Figure 4.9: Best-estimate projection of the difference between AOW- and pension-age (Cohort)

There is a clear pattern visible, where the difference decreases to 0 over the span of a few years as the AOW-age catches up to the increased pension-age, only for this difference to shoot up from one year to the next as the pension-age increases with 1 year in the new year.

We see that the first spike in difference is considerably higher than the other spikes, both for the period-based and the cohort-based estimation and forecasting method. This is due to the the pension-age increasing by 2 years starting from the year 2014. We see this as a decline from this spike as the AOW-age is also increased according to the increase schedule as provided in Chap-ter 2, then starting from 2024, any further increase in both AOW-age and pension-age becomes dependent on the best estimate of the remaining life expectancy at age 65, and the staircase pat-tern emerges. One observation we make for both these figures is that the difference on average decreases for each time the pattern is repeated: For period- and cohort life expectancy we see that the tops become lower and the decrease more stretched out.
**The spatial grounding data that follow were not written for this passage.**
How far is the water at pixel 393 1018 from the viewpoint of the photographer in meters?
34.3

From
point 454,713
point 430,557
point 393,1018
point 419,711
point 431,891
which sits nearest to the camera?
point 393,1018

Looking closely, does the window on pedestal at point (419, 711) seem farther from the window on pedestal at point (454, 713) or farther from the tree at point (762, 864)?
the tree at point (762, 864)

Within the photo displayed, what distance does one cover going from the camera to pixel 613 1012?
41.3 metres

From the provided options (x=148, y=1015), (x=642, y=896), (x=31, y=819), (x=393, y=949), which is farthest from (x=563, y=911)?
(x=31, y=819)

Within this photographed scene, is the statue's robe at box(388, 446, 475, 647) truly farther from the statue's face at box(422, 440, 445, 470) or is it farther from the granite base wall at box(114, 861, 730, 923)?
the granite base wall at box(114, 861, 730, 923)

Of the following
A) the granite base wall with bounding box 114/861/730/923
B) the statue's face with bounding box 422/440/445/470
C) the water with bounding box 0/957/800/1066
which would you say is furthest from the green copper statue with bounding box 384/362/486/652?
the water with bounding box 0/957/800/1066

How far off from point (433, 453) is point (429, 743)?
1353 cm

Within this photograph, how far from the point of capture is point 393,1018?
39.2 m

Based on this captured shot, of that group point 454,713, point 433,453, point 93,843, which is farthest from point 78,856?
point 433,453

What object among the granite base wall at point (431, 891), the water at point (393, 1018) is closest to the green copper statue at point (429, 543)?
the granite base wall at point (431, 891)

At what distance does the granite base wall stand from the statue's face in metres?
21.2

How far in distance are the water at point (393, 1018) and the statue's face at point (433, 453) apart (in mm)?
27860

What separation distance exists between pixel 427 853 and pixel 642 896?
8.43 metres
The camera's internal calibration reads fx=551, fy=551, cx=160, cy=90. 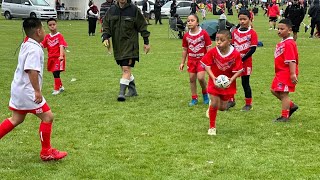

Interesting to note is that for both methods the difference also becomes negative in the final years of the forecast, meaning that sometimes the AOW-age will actually be larger than the pension-age.

4.5

Comparing remaining life expectancy and entitlements

for different education levels

In this next section we consider the effect of differences in social standing on the remaining life expectancy at the pension-age and AOW-age after both of these have been increased. Two variables that could possibly be used to divide the population into different social classes would be ’education’ and ’income’. Indeed, over the years multiple studies have been dedicated to researching the effect of the above two variables, for example Stam et al.(2008) looks at ed-ucation level while Knoops and Brakel (2010) focuses on income level. The CBS offers data on life expectancy and education level CBS Statline (2016c) and life expectancy and income level CBS Statline (2016b). Both of these have but a few datapoints that can be used for the specified purpose, with six datapoints for education level and three for income level. For this reason, we make the generalizations that education and income are strongly correlated, that any result stemming from the effect of education also applies to income and as such, that we can only look at the effect of education on remaining life expectancy and based on that generalize for social class (supposing that twice the amount of datapoints is likely to give a more accurate result).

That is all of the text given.